Gesher (grades 4-5) and Rimonim (grades 2-3) classes took part in some multicultural learning when Judy Poltorak, the Gesher class aide, did an interactive presentation about Lei Day, a Hawaiian holiday which takes place on May 1st every year. The holiday is one to share in the friendly custom of giving lei and to celebrate the multi-ethnic culture of the Hawaiian Islands. Judy brought lei and various Polynesian indigenous items for the students to wear and make music with. Students and teachers alike danced hula with Judy's guidance. It was a lovely opportunity for Schechter students to experience another culture and broaden their horizons. Todah rabah, Judy!

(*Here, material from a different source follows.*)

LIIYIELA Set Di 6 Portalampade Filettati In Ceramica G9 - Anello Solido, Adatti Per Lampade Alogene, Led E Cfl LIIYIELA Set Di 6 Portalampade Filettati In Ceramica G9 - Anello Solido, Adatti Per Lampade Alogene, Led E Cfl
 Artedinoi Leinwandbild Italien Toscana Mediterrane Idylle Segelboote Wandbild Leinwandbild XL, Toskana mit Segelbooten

Did you know that Schechter has been composting food scraps since 2015? In keeping with our core values, Schechter students, faculty, and especially Food Services Coordinator Danielle Weiss have been recycling and composting to help keep landfill waste to a minimum and protect our earth. Recently, we received statistics calculating Schechter's contribution to reducing the landfill waste. Check it out!
Last month, the Gesher class (grades 4-5) went to the State Capitol to tour the Connecticut State Capitol Building, the Legislative Building, and the Museum of Connecticut History. The trip was the culmination of their unit on the American Revolution and the subsequent creation of the three branches of government, the Constitution, and the Bill of Rights. At the start of the tour, the students were introduced to Representative Jillian Gilchrest and Senator Derek Slap. The group met in one of the committee rooms where legislators debate issues before they are sent on to the Senate or House. Gesher students were encouraged to ask questions about this process or state government in general. After going through the underground tunnel connecting the Legislative Building to the Capitol, the students learned some Capitol history and saw statues of famous Connecticut heroes/heroines. When they toured the House of Representatives chamber, more than one student mentioned that they "remember this from iCivics" (an educational game they play in the morning), drawing fantastic connections between their knowledge from class and their in-person experiences at the Capitol.